Situation entstand vor fast 30 Jahren

Letztlich rächt sich für die dezentral angeschlossenen Haushalte eine Situation, die fast 30 Jahre zurückliegt. In den 1990er Jahren versuchte der TAV, möglichst 100-prozentig die Haushalte zu erschließen. Mancher Grundstückseigentümer zeigte jedoch kein Interesse an einem zentralen Anschluss, was den damaligen gesetzlichen Bestimmungen entsprach.

Später stellte sich heraus, dass bei einem Anschlusszwang, auch für wenige Grundstücke im ländlichen Raum, die Kosten explodiert und damit die Gebühren für die TAV-Kunden in die Höhe geschnellt wären. Hier musste abgewogen werden, so Loretta Kablitz. Der Gebührenzahler sollte nicht für Investitionen zur Kasse gebeten werden, die deren Geldbeutel zu sehr belasteten.

Verband sieht bestehende Variante als am wirtschaftlichsten

Die Vorsitzende der Verbandsversammlung Nicole Golz (parteilos), Bürgermeisterin Elbe-Parey, zeigte zwar Verständnis für den Unmut der Einwohner, machte aber deutlich, dass die aktuelle Variante die günstigste sei, die man haben könne.

„Wir können aus rechtlichen Gründen nichts an der Situation ändern.“ Für Verbandsmitglied Frank von Holly (CDU), Bürgermeister in Möckern, läuft das praktizierte Konzessionsmodell.
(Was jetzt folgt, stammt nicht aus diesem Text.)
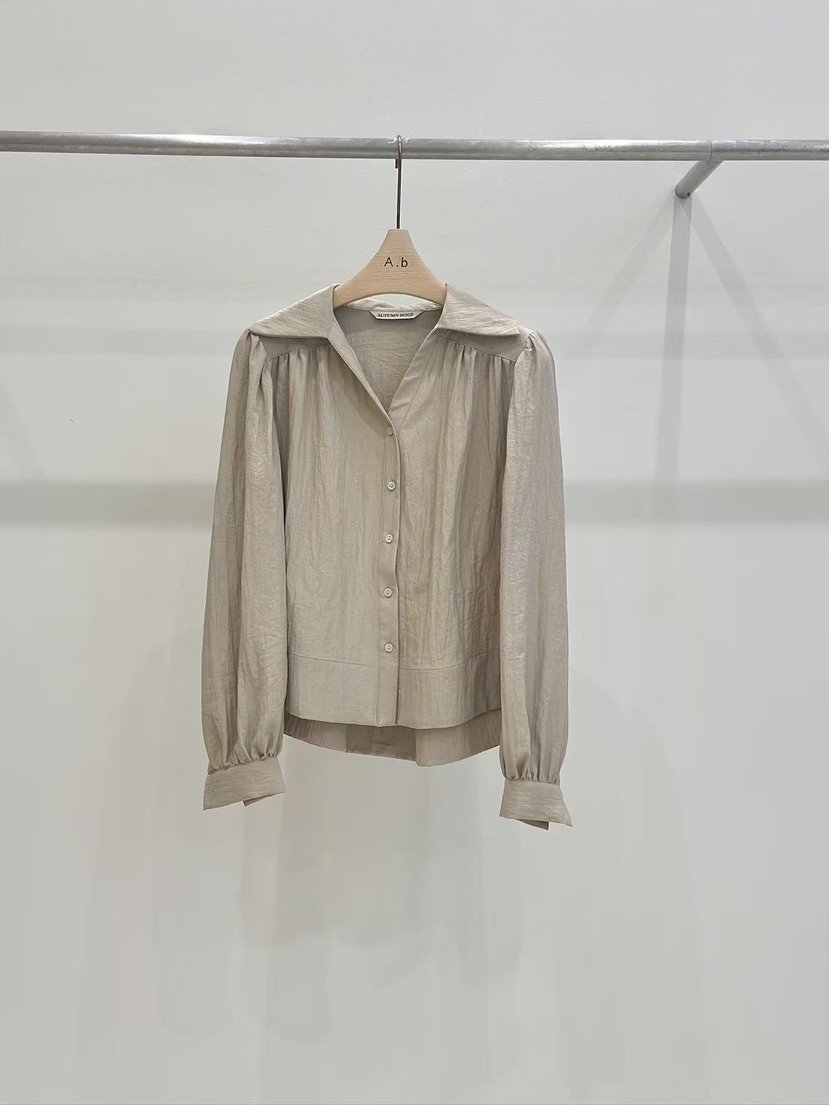 AUTUMN BEIGE-Q東大門㊣直郵女裝新款真品25秋冬襯衫蕾絲衫A.b/AUTUMN BEIGE襯衫/蕾絲衫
Es sei für die Bürger insgesamt die wirtschaftlichste Lösung, so von Holly.

Hartmut Nothe indes möchte weiterhin an dem Thema bleiben. Er werde sich über die Modelle in Nachbarkommunen informieren und sehe die letzte Entscheidung noch nicht gefallen. Es sei eine Ungerechtigkeit, die angegangen werden müsse.